What is the coefficient of x^2 in the Taylor series for #(1+x)^-2# about a=0?

1 Answer
Aug 31, 2015

If you were to want the entire Taylor series, I would start by taking the necessary number of derivatives to make it to the #x^2# term (i.e. the #n = 2# term). That means up to and including the 2nd derivative.

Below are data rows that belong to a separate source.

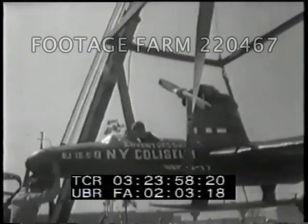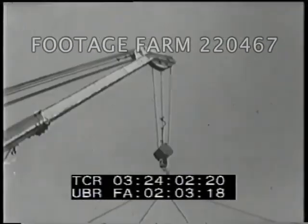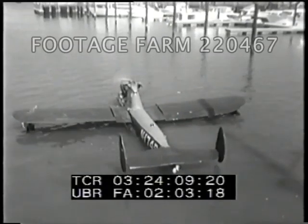Would you believe a flying submarine? The brainchild of a father-son team, a propeller-driven aircraft has a conventional gasoline engine and an electric motor for underwater running. In tests, it's been submerged to a depth of 10 feet.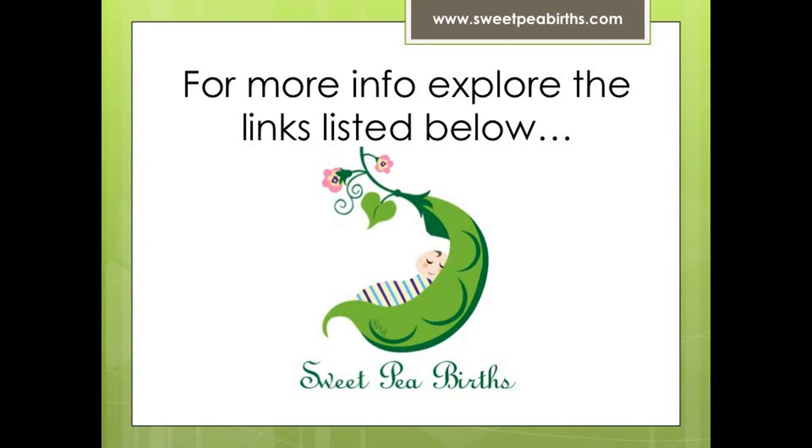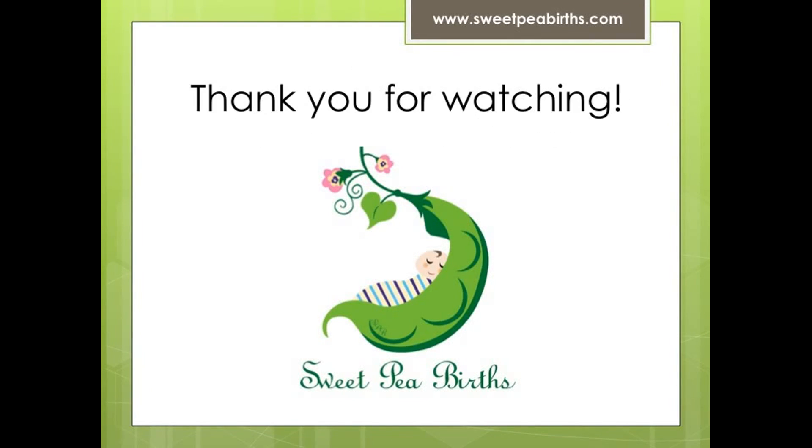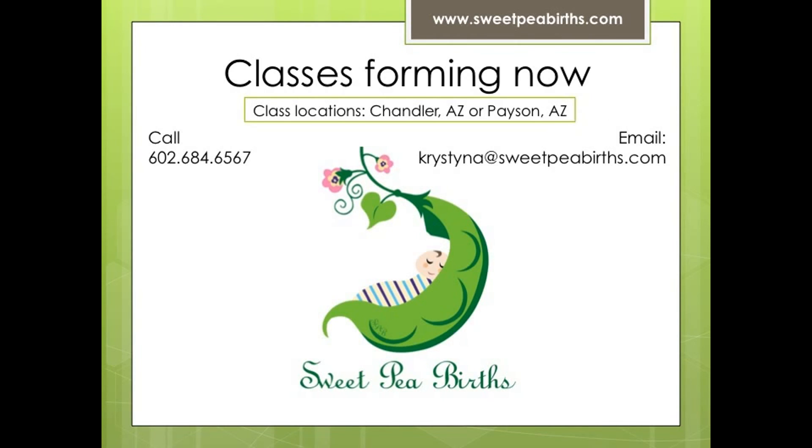We'll see you next week for another installment of Q&A with SPB.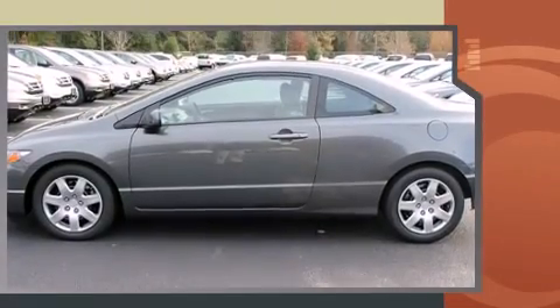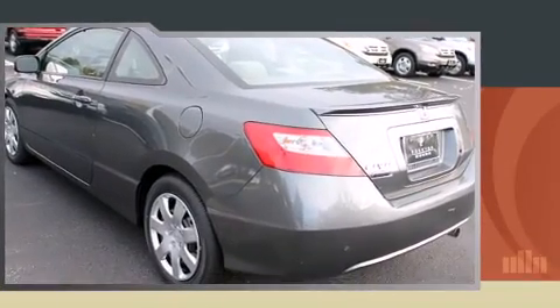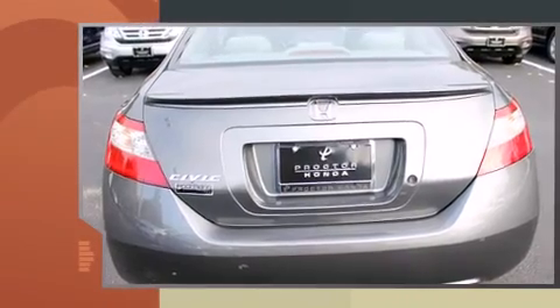Honda made sure to keep road handling and sportiness at the top of its priority list. Smooth gear shifts are achieved thanks to the efficient four-cylinder engine, providing a spirited yet composed ride and drive.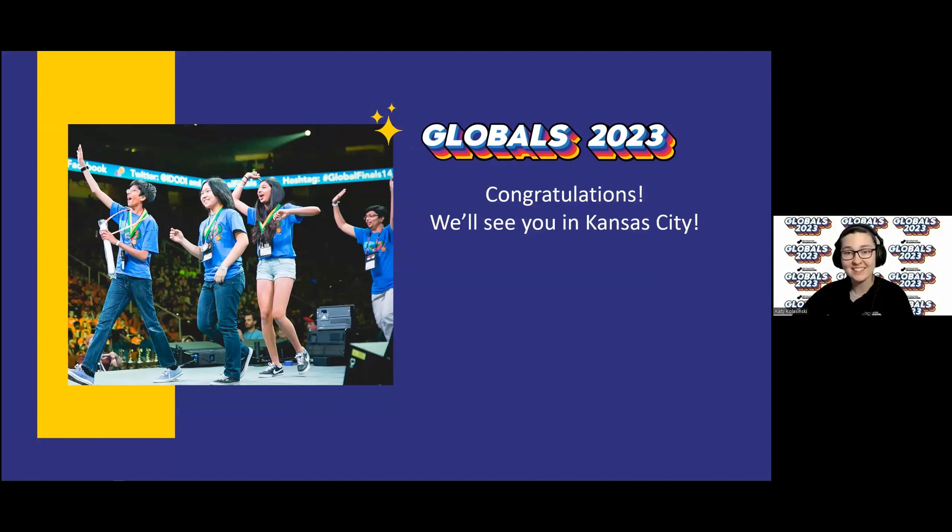We can't wait to see you in Kansas City. Thank you. Good luck, and check out the website for more updates.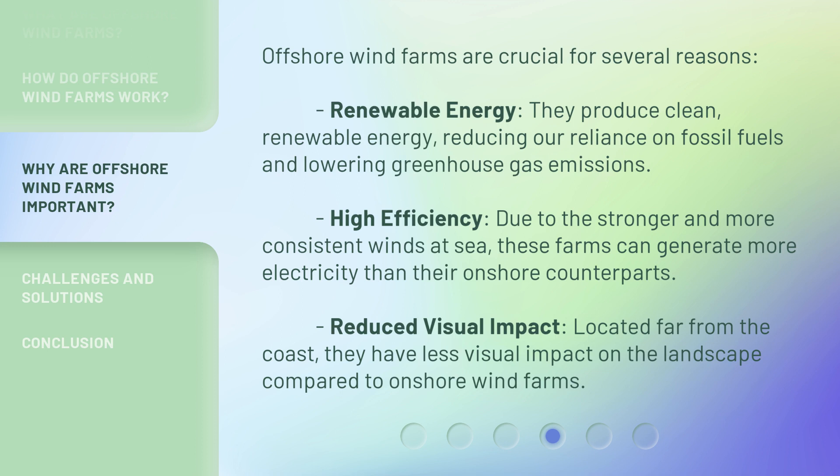Reduced visual impact: located far from the coast, they have less visual impact on the landscape compared to onshore wind farms.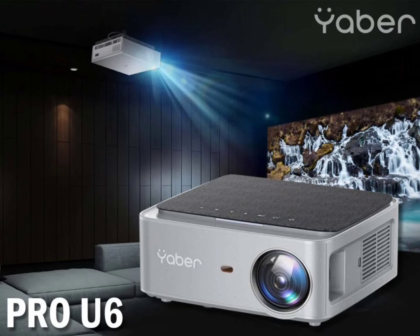When it comes to connectivity, the Yabber Pro U6 Projector comes with support for Bluetooth 5.1 and 2.4GHz–5GHz dual-band Wi-Fi connectivity. It is equipped with HDMI, AV, and USB ports to connect devices like laptops, phones, and USB drives.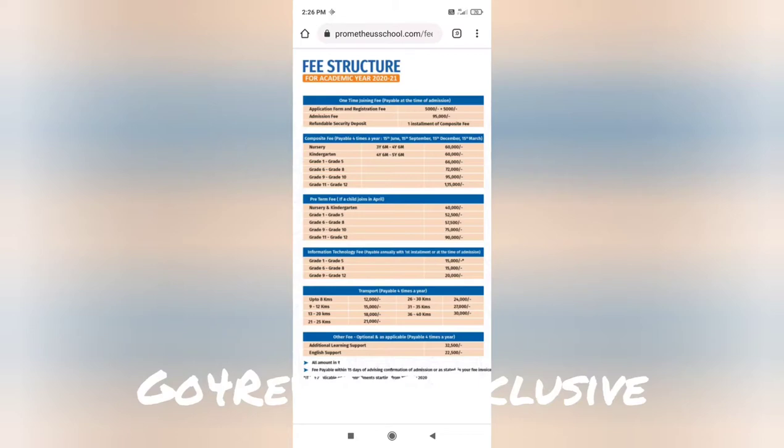If we talk about the fee structure, Prometheus School follows the IB curriculum, so the fees are on the higher side. You can of course look up the detailed fee structure.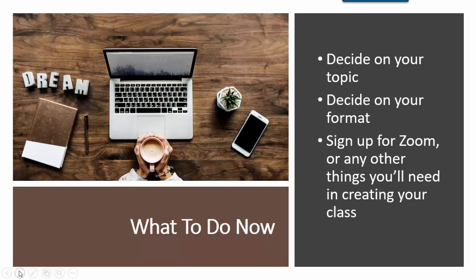So, what do you do right now? You need to decide on your topic, decide on your format, sign up for Zoom if you don't have that, and take care of any other things you'll need in creating your class. Let's get started!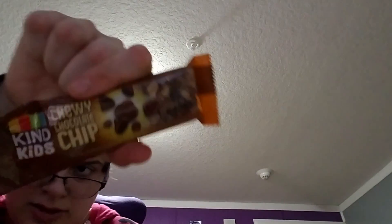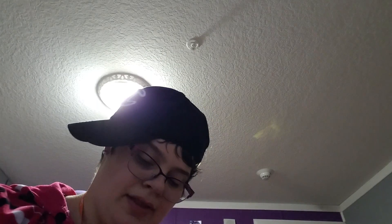This one is the Chocolate Chip Chewy Bar by Kind for Kids, and these ones have been almost identical to Quaker, so not expecting anything super exciting.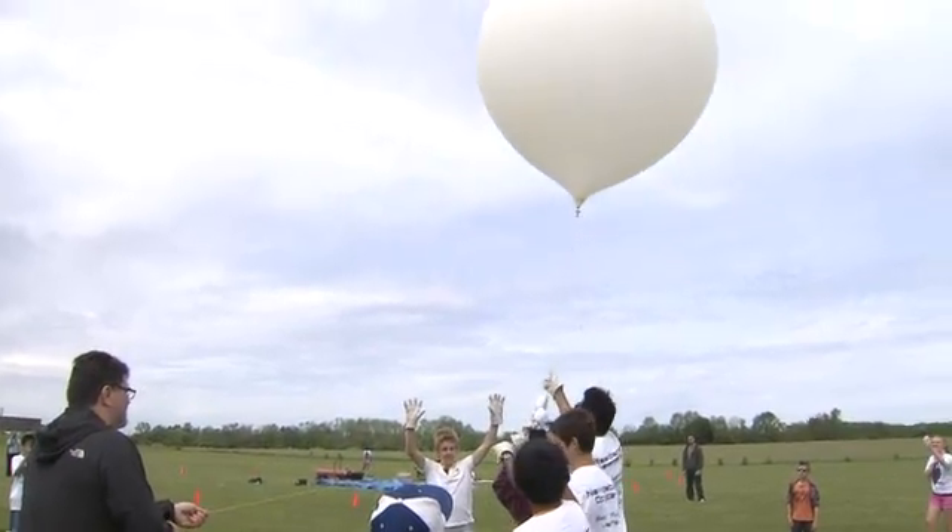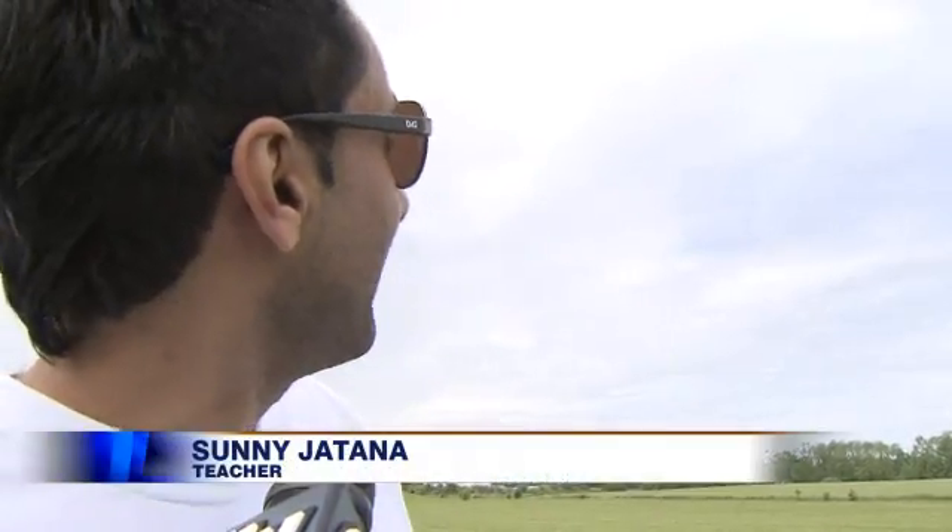But like true scientists, they tried a second launch, and this one went up, up, and away. It took off beautifully well, it cleared the clouds, and we're packing up to chase it.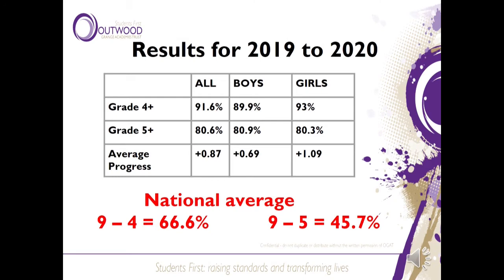Let's have a look at those results in a little bit more detail. For grade 4 passes, the girls outdid the boys. For grade 5 plus passes it was much more even, with the boys slightly ahead. Average progress again saw the girls beating the boys. Overall our results compare very favourably with the national average — the national average for 4 plus passes is only 66.6% and for 5 plus passes was only 45.7%.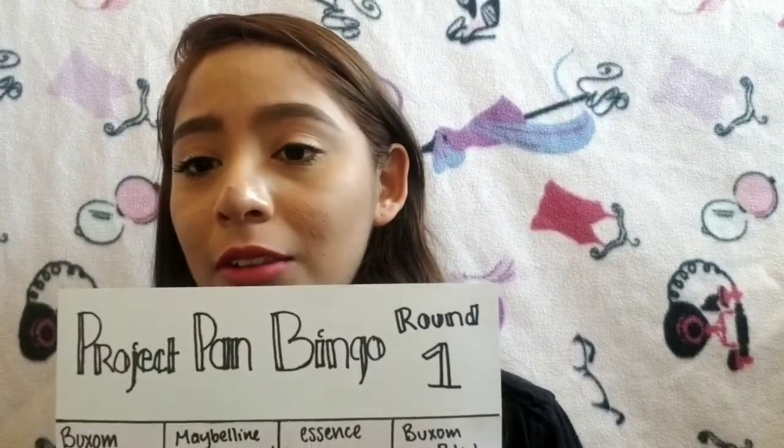Hi guys! Welcome back to my videos. I know it's been super long since I posted — it's always super long since I post. But I do have new updates on my Project Pan Bingo, so I decided to update you guys.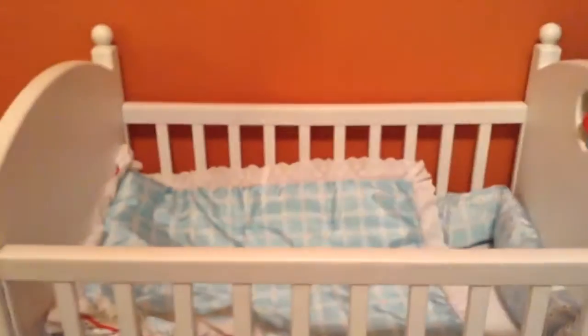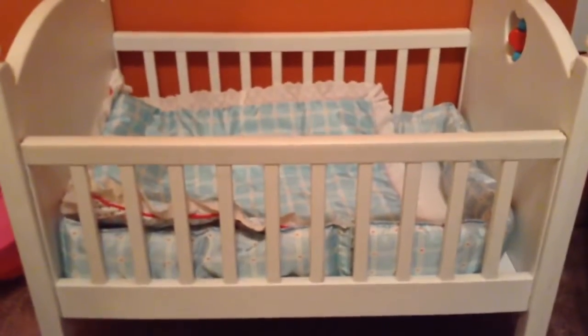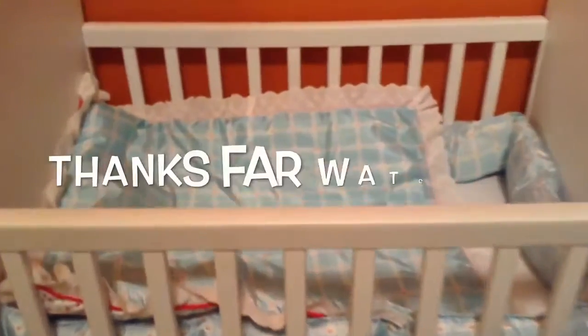I got it used from a woman locally and we love it. Anyway, if you guys have any more questions about it let me know and I'll try my best to answer them. Thanks for watching. Bye.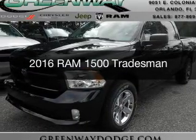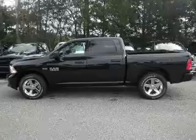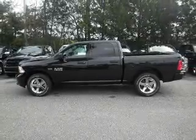This is a new 2016 Ram 1500. It's powered by 4-wheel drive, a 5.7-liter, 8-cylinder engine.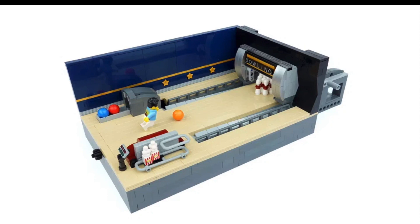Hey guys, Blacker Bricks here back with another video and welcome to another episode of News Thursdays. We have quite a bit of exciting LEGO news this week.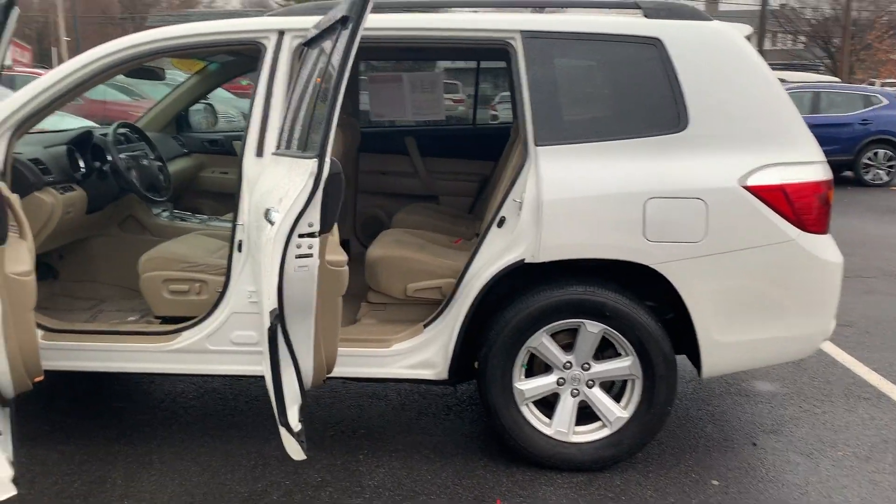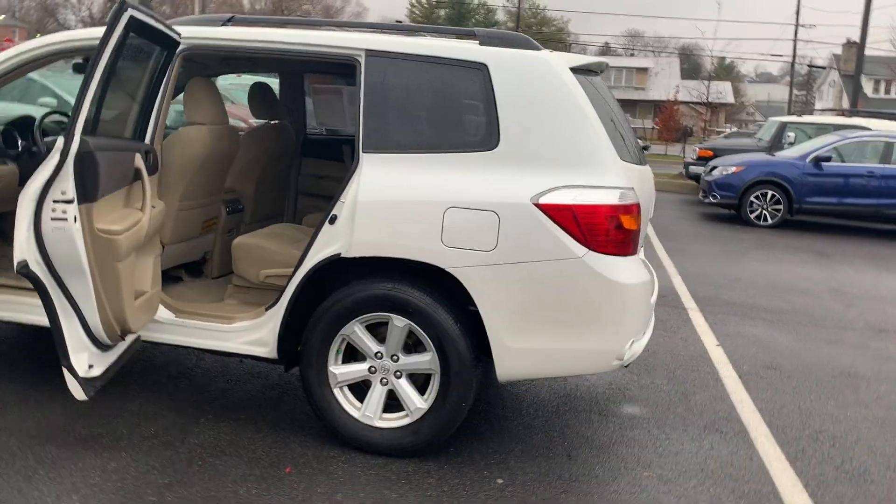Please come on down to Molloy Toyota here in Winchester, Virginia and make it Molloy. Thank you!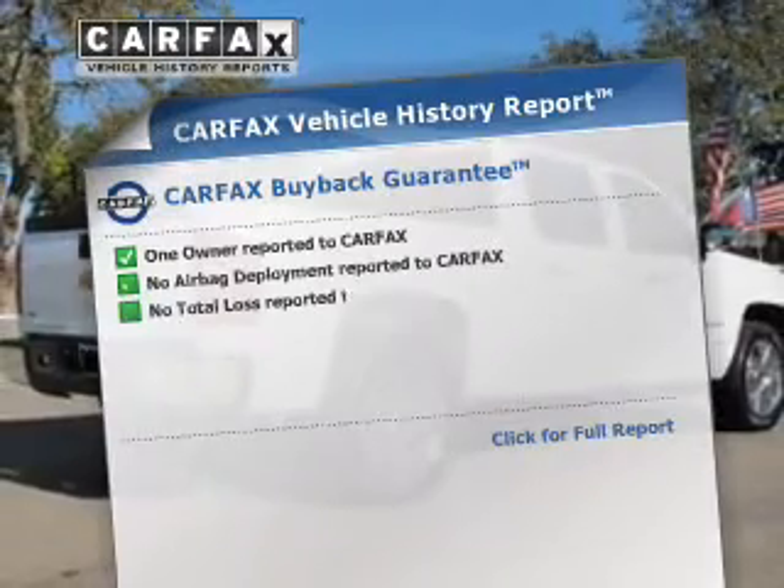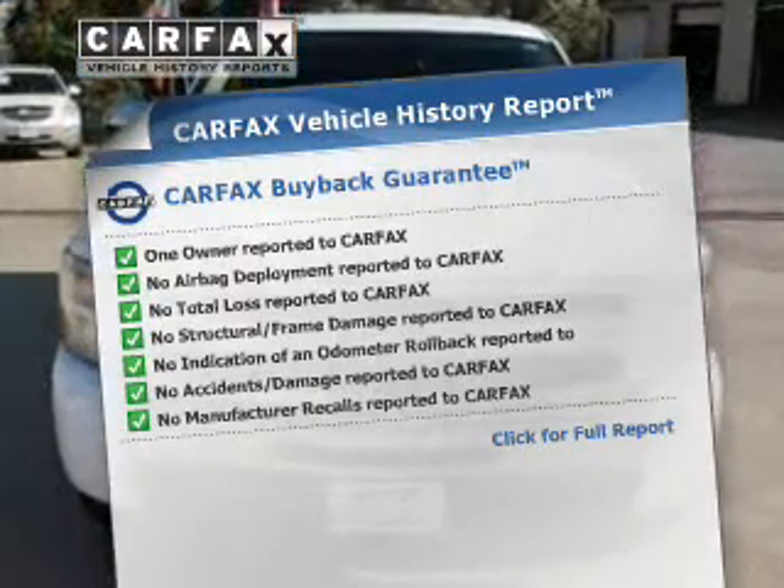Know the history on this ride and greatly reduce your buying risk with the included Carfax Vehicle History Report.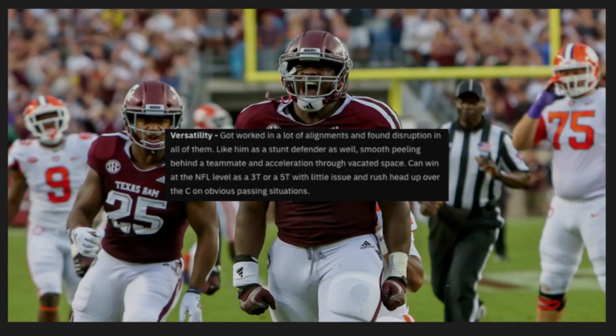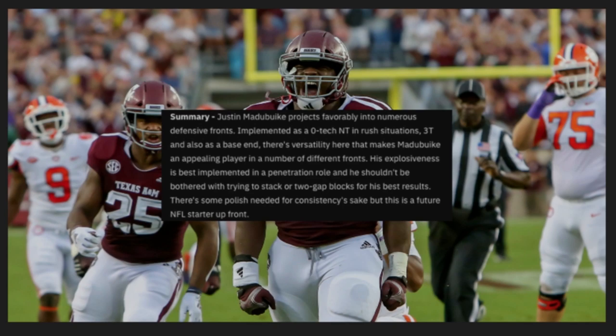He lines up at zero, one, and three, and found disruption in all of them. He's a good stunt defender as well, smooth peeling behind a teammate and accelerating through a vacated space. Can win at the NFL level as a 3-tech or 5-tech with little issue, and rush head-up over the center in obvious pass situations. He projects favorably in numerous defensive fronts — implemented as a 0-tech nose, 3-tech, and also a base end. His explosiveness is best implemented in a penetration role. There's some polish needed, but this is a future NFL starter.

#color(green)(f^((0))(x)) = f(x) = (1+x)^(-2) color(green)(= 1/(1+x)^2)#

#color(green)(f'(x)) = -2(1+x)^(-3) = color(green)(-2/(1+x)^3)#

#color(green)(f''(x)) = 6(1+x)^(-4) = color(green)(6/(1+x)^4)#

The general formula for the Taylor series is:

#sum_(n=0)^N f^((n))(a)/(n!)(x-a)^n#

For #N = 2# (otherwise known as "truncating at the second order term") and centered around #a = 0#, this is:

#= f^((0))(0)/(0!)(x-0)^0 + (f'(0))/(1!)(x-0)^1 + (f''(0))/(2!)(x-0)^2#

#= (1/(1+(0))^2)/(0!)*1 + (-2/(1+(0))^3)/(1!)x + (6/(1+(0))^4)/(2!)x^2#

#= (1/(1)^2) + (-2/(1)^3)x + (6/(2*(1)^4))x^2#

#= 1 - (2/1)x + (6/2)x^2#

#= color(blue)(1 - 2x + 3x^2)#

So your coefficient is #3#. Now, you could have also done only the 2nd derivative, but this shows you the pattern for the entire Taylor series. You could write out more terms:

#= 1 - 2x + 3x^2 - 4x^3 + 5x^4 - ...#

Note that for the series, #a# does not vary, but #n# does. Also, #(x-a)^n# is not affected by #x->a#.